Victor was born in Ashton-under-Lyne, Greater Manchester, to Victor Hickling, an insurance broker, and Ethel Crozier, a dance teacher. After leaving William Hulme grammar school, Victor went to St David’s College, Lampeter (now the University of Wales, Lampeter), to study philosophy. There he played in a “spasm” band, making music on found objects. In Ibiza, on what was not yet called a gap year, he had an affair with Nico, who was not yet famous for Velvet Underground.

When the Blues and Gospel Caravan, a package tour of US blues musicians including Sister Rosetta Tharpe, rolled in to Manchester in 1964 for a Granada TV broadcast, Victor found them an extra gig in a dingy bar, which is how Muddy Waters came to be playing in Chico’s Bossa Nova opposite Manchester Victoria station. In 1965 Victor married the writer and singer Annette Reis, and together they recorded I’ve Got the World in a Jug, one of the first British blues 45s, with Jimmy Page on guitar, and with Victor now using the stage name Brox.

Victor and his group, the Victor Brox Blues Train, became a draw in Manchester clubs, and backed US visitors including Little Walter and Screamin’ Jay Hawkins.
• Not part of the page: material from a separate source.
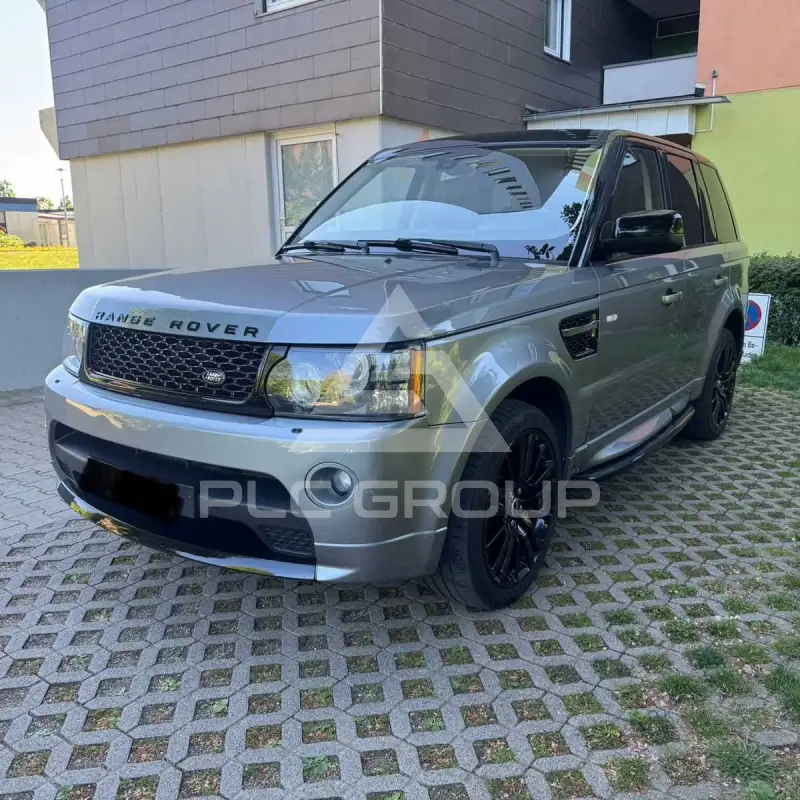 2013 Land Rover Range Rover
In 1966 he moved to London at the invitation of the musician and broadcaster Alexis Korner. The big time beckoned with the Aynsley Dunbar Retaliation, and their four albums together between 1968 and 1970 represent the best of Brox on record. Jimi Hendrix was a jam session buddy.

Victor was the high priest Caiaphas on the original 1970 recording of Andrew Lloyd Webber’s Jesus Christ Superstar. He collaborated with Graham Bond (on the album Holy Magick, 1970), Dr John (Sun, Moon and Herbs, 1971) and Screaming Lord Sutch (Hands of Jack the Ripper, 1972) and made the 1974 album Rollin’ Back with Annette. He would regale fellow musicians with stories of life on the road, and was something of a blues Baron Munchausen, though the tallest of his tales usually had a basis in truth.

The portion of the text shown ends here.